Margit Rosen
Utopien des computerbasierten Bildes. Künstlerische und wissenschaftliche Konzepte und Projekte der Jahre 1965-1971
Im Jahr 1965 werden in einer Reihe von Kunstausstellungen erstmals Werke präsentiert, die mit Hilfe eines Computers erzeugt worden waren. Erste künstlerische Experimente mit dem Computer als Technologie visueller Produktion können bereits für 1960 belegt werden. Technischer Auslöser dieser Ereignisse war die Ausstattung von Elektronenrechnern mit grafischen Ausgabegeräten. Einigen Künstlern gelang es, sich Zugang zu diesen Rechenanlagen zu erschaffen, mehrheitlich waren es jedoch Ingenieure und Naturwissenschaftler, die das Potential des neuen Mediums erkundeten. Ihre Werke wurden sowohl von Künstlern als auch von Theoretikern und Kuratoren wie Max Bense, Jack Burnham, Pontus Hultén, Abraham A. Moles, Jasia Reichardt, Clarissa Schröder, Maurice Tuchman und Howard Wise in den Kunstkontext geholt.
Ausgehend von den Ausstellungen der Jahre 1965-1971 untersucht die Dissertation aus kunst-, technik und wissenschaftshistorischer Perspektive die Entstehung und Kontextualisierung von Werken, die mit analoger oder digitaler elektronischer Rechentechnologie erzeugt wurden.

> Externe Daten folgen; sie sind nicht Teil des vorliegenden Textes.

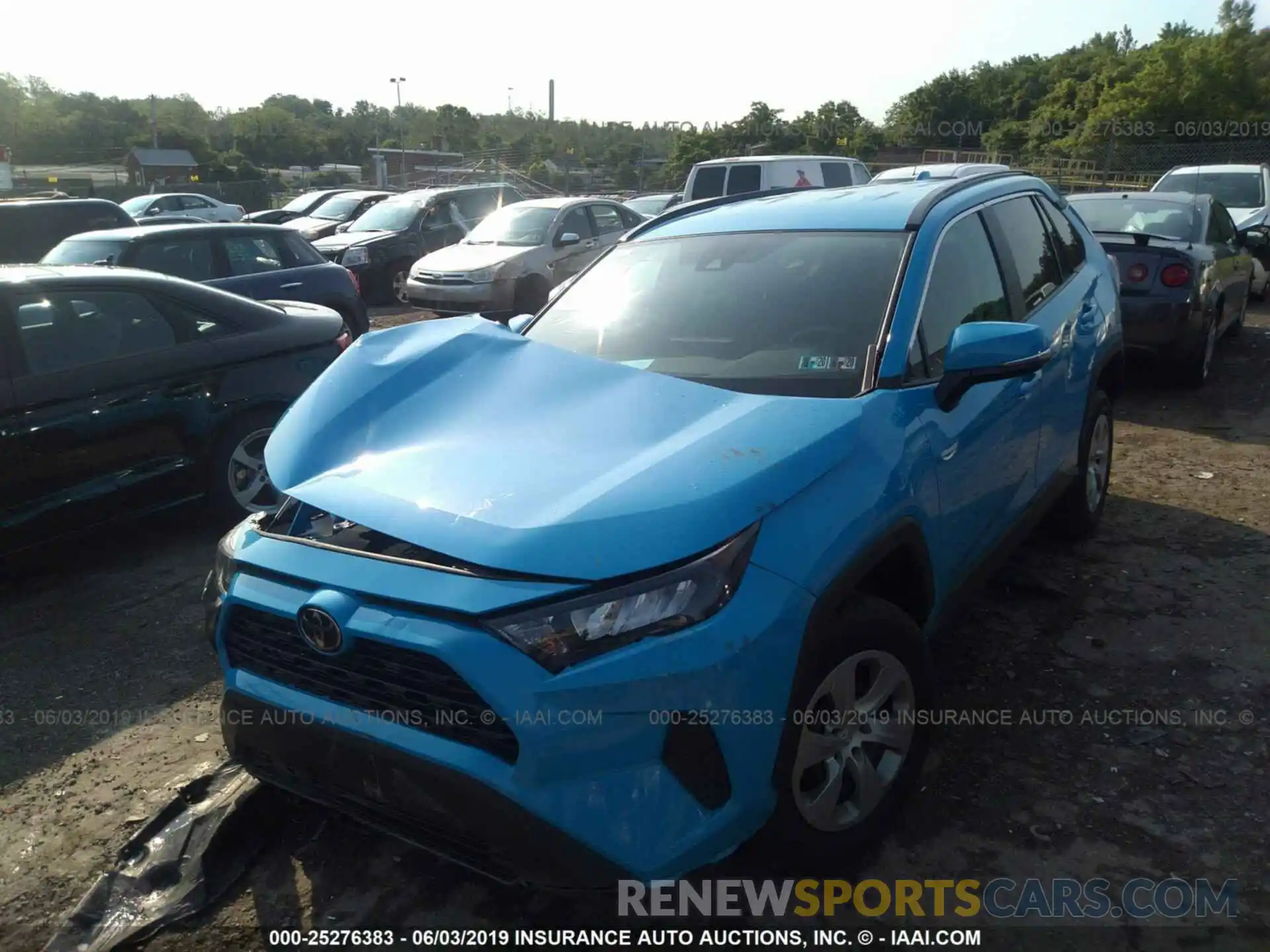 2 Фотография поврежденного автомобиля 2T3G1RFV1KW046079 TOYOTA RAV4 2019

Das zu analysierende Material umfasst die in den Ausstellungen präsentierten Werke (Grafiken, Skulpturen, Filme, computerkontrollierte kinetische Objekte) , kunsttheoretische Publikationen, kuratorische Konzepte, Werkdokumentationen aus zahlreichen Privatarchiven, Interviews mit den Protagonisten sowie technische und vermarktungsorientierte Veröffentlichungen zu den verwendeten Geräten und Programmiersprachen.
Die Recherchen berücksichtigen das Werk von Marc Adrian, Kurd Alsleben, Otto und Oskar Beckmann, Vladimir Bonacic, Computer Technique Group Japan, Charles Csuri, William A. Fetter, Herbert W. Franke, Hiroshi Kawano, Kenneth C. Knowlton, Gustav Metzger, Leslie Mezei, Frieder Nake, Georg Nees, Michael Noll, Gordon Pask, Duane Palyka, Manfred R. Schroeder, Lillian Schwartz, Stan VanDerBeek, John Whitney u. a.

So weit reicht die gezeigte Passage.